For the simulated-not-a-keycard error, InstanceUID argument must be provided. Only keycards with such InstanceUID will be treated as not keycards. Other errors are applied no matter of the InstanceUID value.

SimulateError can also be called before Start, e.g. to simulate simulated-no-pcsc error, as this one can only happen during Start operation.

Use SimulateError method with one of the supported simulation errors: a3804cc884/internal/keycard_context_v2_state.go (L55-L62)

GetStatus

Returns current status of the session.

In most scenarios status-changed signal should be used to get status.

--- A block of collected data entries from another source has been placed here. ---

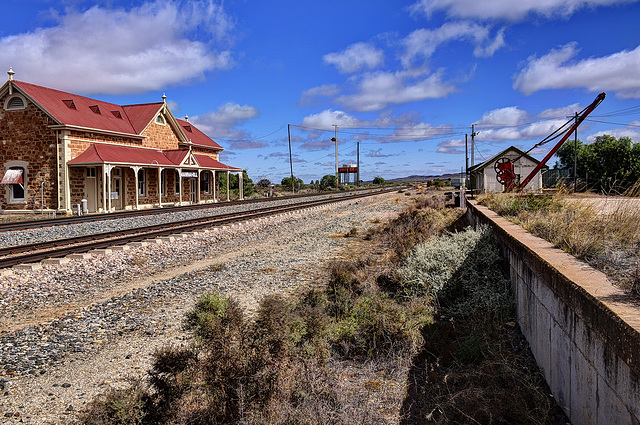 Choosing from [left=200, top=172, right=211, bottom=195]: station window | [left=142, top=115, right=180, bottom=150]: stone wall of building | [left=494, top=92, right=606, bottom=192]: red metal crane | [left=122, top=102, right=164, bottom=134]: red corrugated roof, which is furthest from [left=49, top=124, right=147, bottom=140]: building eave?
[left=494, top=92, right=606, bottom=192]: red metal crane

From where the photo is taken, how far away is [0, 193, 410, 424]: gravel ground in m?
5.10

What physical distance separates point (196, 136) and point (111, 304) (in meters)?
38.3

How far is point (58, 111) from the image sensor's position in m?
28.7

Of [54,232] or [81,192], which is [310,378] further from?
[81,192]

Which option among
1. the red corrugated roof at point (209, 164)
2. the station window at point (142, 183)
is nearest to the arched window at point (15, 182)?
the station window at point (142, 183)

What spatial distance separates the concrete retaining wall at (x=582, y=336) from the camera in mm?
2605

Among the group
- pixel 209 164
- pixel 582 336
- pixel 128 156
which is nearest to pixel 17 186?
pixel 128 156

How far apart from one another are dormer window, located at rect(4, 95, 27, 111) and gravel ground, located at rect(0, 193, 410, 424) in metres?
20.7

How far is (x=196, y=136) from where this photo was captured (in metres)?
44.5

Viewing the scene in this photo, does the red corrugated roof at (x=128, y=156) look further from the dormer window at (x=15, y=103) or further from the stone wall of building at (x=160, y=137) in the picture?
the dormer window at (x=15, y=103)

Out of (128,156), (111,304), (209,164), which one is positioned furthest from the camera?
(209,164)

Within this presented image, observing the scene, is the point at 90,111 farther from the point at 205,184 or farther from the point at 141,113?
the point at 205,184

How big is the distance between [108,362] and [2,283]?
522cm

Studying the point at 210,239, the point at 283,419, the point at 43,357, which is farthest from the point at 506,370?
the point at 210,239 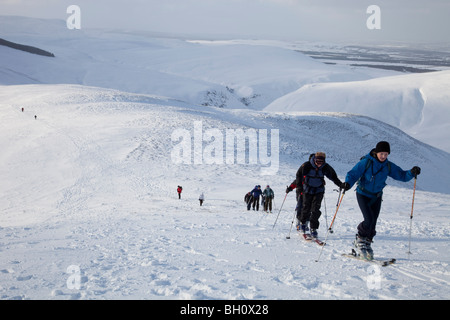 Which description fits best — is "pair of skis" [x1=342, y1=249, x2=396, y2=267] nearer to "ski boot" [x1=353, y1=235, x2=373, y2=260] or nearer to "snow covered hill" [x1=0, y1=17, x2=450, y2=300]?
"ski boot" [x1=353, y1=235, x2=373, y2=260]

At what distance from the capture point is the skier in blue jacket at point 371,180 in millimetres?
6805

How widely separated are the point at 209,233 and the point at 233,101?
116m

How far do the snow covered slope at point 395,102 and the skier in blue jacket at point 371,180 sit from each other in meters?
75.1

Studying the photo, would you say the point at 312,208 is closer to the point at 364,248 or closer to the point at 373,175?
the point at 364,248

Yet in some debugging circumstances this method can be handy to get the latest status.

Status

Here is the structure of the status: a3804cc884/internal/keycard_context_v2_state.go (L30-L35)

The main field is state

State

Check the source code for the list of possible states and their description. 75b1c9eac0/internal/keycard_context_v2_state.go (L9-L71)

Commands

Apart from the service endpoints listed above, all other endpoints represent the actual Keycard API.

Most of the commands have to be executed in ready or authorized states. Service will return a readable error if the keycard is not in the proper state for the command.

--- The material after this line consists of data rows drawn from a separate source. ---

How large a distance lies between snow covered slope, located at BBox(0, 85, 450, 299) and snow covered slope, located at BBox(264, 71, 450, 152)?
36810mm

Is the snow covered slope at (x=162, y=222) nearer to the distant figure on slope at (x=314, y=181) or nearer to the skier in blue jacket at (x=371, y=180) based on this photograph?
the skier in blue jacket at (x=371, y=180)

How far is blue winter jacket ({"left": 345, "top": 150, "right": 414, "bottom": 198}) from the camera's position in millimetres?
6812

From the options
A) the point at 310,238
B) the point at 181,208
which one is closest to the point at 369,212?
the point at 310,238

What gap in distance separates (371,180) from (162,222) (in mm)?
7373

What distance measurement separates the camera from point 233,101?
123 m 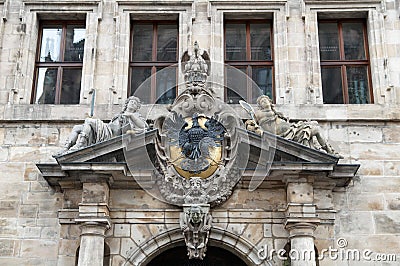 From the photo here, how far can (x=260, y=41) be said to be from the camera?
43.0 ft

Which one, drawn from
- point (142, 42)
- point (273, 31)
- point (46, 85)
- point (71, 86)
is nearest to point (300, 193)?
point (273, 31)

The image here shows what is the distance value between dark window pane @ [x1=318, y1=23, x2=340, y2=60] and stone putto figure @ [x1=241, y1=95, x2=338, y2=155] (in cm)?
191

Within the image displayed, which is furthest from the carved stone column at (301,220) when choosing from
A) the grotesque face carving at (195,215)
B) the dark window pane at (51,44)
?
the dark window pane at (51,44)

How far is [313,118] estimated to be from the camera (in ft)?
39.4

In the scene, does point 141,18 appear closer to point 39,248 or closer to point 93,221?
point 93,221

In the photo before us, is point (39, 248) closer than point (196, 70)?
Yes

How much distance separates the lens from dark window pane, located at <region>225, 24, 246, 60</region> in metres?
13.0

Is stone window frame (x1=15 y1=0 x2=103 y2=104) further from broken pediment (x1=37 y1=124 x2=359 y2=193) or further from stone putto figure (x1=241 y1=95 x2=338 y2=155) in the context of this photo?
stone putto figure (x1=241 y1=95 x2=338 y2=155)

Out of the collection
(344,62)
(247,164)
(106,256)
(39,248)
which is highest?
(344,62)

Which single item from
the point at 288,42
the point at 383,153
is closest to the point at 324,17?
the point at 288,42

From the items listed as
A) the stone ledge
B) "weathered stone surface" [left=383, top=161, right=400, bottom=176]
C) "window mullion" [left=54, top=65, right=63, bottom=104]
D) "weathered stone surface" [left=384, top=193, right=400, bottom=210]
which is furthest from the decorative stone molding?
"window mullion" [left=54, top=65, right=63, bottom=104]

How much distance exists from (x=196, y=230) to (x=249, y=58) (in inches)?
149

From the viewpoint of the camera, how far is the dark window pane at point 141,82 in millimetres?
12570

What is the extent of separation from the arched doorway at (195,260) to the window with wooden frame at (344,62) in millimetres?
3304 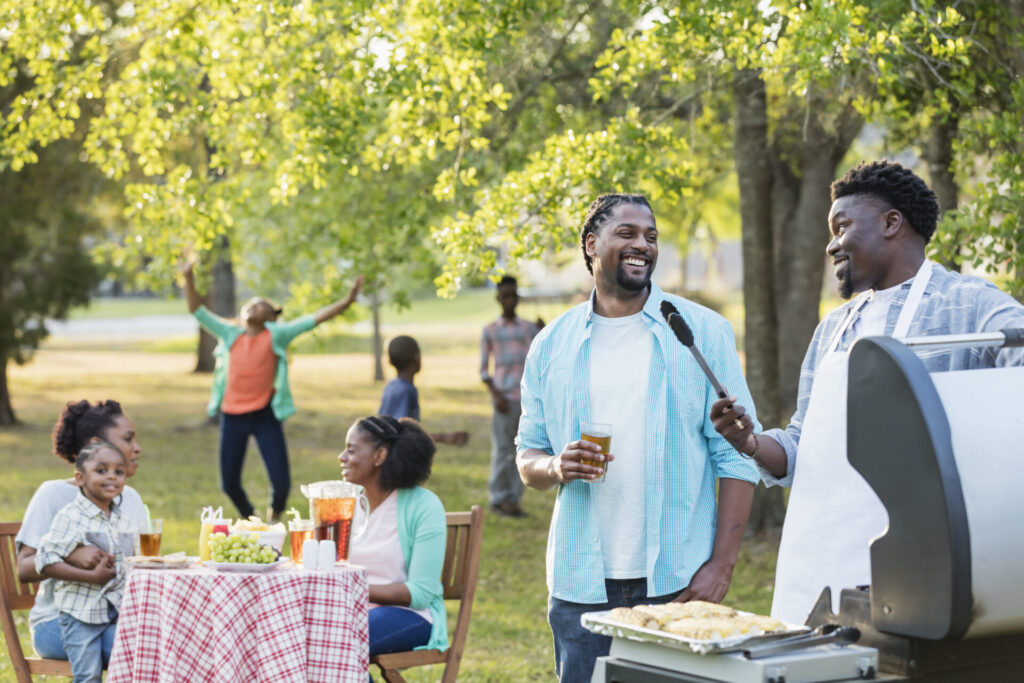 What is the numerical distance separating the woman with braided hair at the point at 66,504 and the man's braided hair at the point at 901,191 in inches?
116

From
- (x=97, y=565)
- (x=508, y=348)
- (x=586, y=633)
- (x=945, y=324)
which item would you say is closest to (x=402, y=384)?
(x=508, y=348)

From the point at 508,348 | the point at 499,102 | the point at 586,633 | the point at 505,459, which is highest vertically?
the point at 499,102

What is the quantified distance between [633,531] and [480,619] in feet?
16.1

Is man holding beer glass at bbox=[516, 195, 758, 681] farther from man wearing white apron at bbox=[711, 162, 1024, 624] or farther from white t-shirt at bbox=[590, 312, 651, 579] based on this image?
man wearing white apron at bbox=[711, 162, 1024, 624]

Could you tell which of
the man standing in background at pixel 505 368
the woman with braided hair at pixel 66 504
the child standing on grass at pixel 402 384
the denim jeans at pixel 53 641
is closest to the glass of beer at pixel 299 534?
the woman with braided hair at pixel 66 504

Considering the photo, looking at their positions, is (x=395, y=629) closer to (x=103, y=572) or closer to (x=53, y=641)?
(x=103, y=572)

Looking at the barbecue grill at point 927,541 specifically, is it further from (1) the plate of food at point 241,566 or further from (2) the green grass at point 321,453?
(2) the green grass at point 321,453

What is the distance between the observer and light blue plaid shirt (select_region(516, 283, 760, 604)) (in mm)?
3725

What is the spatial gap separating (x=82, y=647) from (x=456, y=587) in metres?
1.57

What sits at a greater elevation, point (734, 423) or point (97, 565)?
point (734, 423)

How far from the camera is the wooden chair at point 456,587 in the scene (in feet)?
17.3

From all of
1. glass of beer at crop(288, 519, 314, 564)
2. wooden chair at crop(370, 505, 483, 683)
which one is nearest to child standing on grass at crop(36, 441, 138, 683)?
glass of beer at crop(288, 519, 314, 564)

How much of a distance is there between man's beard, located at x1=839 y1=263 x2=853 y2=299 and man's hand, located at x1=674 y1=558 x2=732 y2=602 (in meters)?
0.84

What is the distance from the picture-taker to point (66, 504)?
525 cm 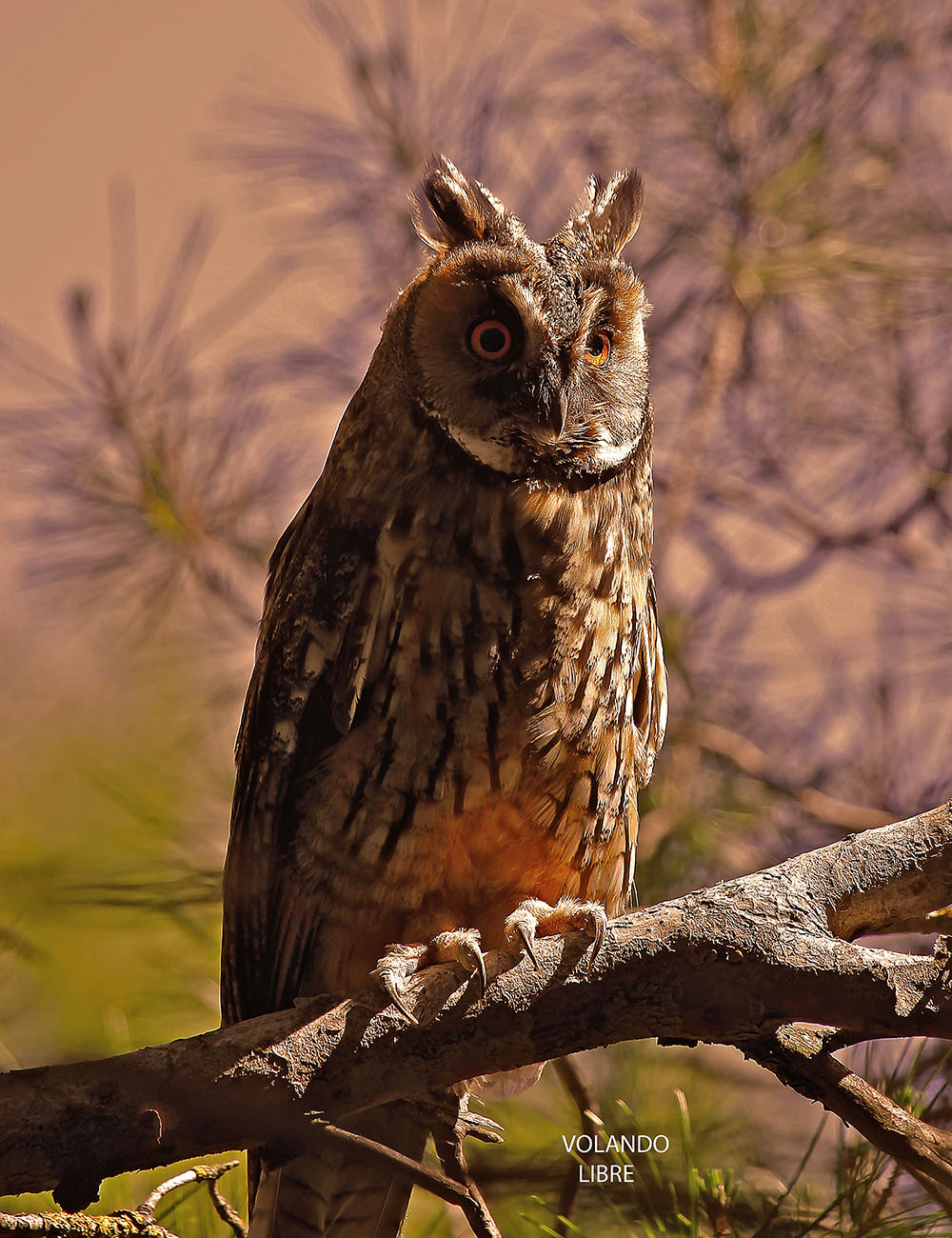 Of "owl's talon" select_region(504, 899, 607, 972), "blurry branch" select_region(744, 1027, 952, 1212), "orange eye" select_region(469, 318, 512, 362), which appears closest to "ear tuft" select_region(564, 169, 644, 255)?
"orange eye" select_region(469, 318, 512, 362)

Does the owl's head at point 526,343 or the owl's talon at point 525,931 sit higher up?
the owl's head at point 526,343

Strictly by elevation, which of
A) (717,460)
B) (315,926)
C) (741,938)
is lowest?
(315,926)

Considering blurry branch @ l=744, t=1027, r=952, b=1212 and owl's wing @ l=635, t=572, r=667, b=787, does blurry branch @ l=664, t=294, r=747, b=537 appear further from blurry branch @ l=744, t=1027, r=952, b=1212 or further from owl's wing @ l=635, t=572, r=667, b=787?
blurry branch @ l=744, t=1027, r=952, b=1212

Please check out the Keycard documentation for more details.

Examples

The examples are presented in a "you'll get it" form.
<- represents a reception of status-changed signal.

Initialize a new Keycard

Start("~/pairings.json")
<- "waiting-for-reader"
// connect a reader
<- "waiting-for-card"
// insert a keycard
<- "connecting-card"
<- "empty-keycard", AppInfo: { InstanceUID: "abcd" }, AppStatus: null
Initialize(pin: "123456", puk: "123456123456")
<- "ready", Appinfo: ..., AppStatus: { remainingAttemptsPIN: 3, remainingAttemptsPUK: 5, ... }
Authorize(pin: "123456")
<- "autorized", AppInfo: ..., AppStatus ...
ExportLoginKeys()

Unblock a Keycard

Start("~/pairings.json")
<- "waiting-for-reader"
// connect a reader with a keycard
<- "connecting-card"
<- "blocked-pin", AppInfo: { InstanceUID: "abcd" }, AppStatus: { remainingAttemptsPIN: 0, remainingAttemptsPUK: 5, ... }
UnblockPIN(puk: "123456123456")
<- "authorized", AppInfo: ..., AppStatus: { remainingAttemptsPIN: 3, remainingAttemptsPUK: 5, ... }

Factory reset a completely blocked Keycard

Start("~/pairings.json")
<- "waiting-for-reader"
// connect a reader with a keycard
<- "connecting-card"
<- "blocked-puk", AppInfo: { InstanceUID: "abcd" }, AppStatus: { remainingAttemptsPIN: 0, remainingAttemptsPUK: 0, ... }
FactoryReset()
<- "factory-resetting"
<- "empty-keycard"

Implementation decisions

  1. Monitoring detect mode utilizes \\?PnP?\Notification feature to detect new connected readers without any CPU load.
  2. Monitoring watch mode could use a blocking call to GetStatusChange, but this did not work on Linux (Ubuntu), although worked on MacOS.
    So instead there is a loop that checks the state of the reader each 500ms.
  3. JSON-RPC was chosen for 2 reasons:
    • to expose API to HTTP for testing/debugging
    • to simplify the adding new methods to the API gRPC was also considered, but this would require more work on status-desktop.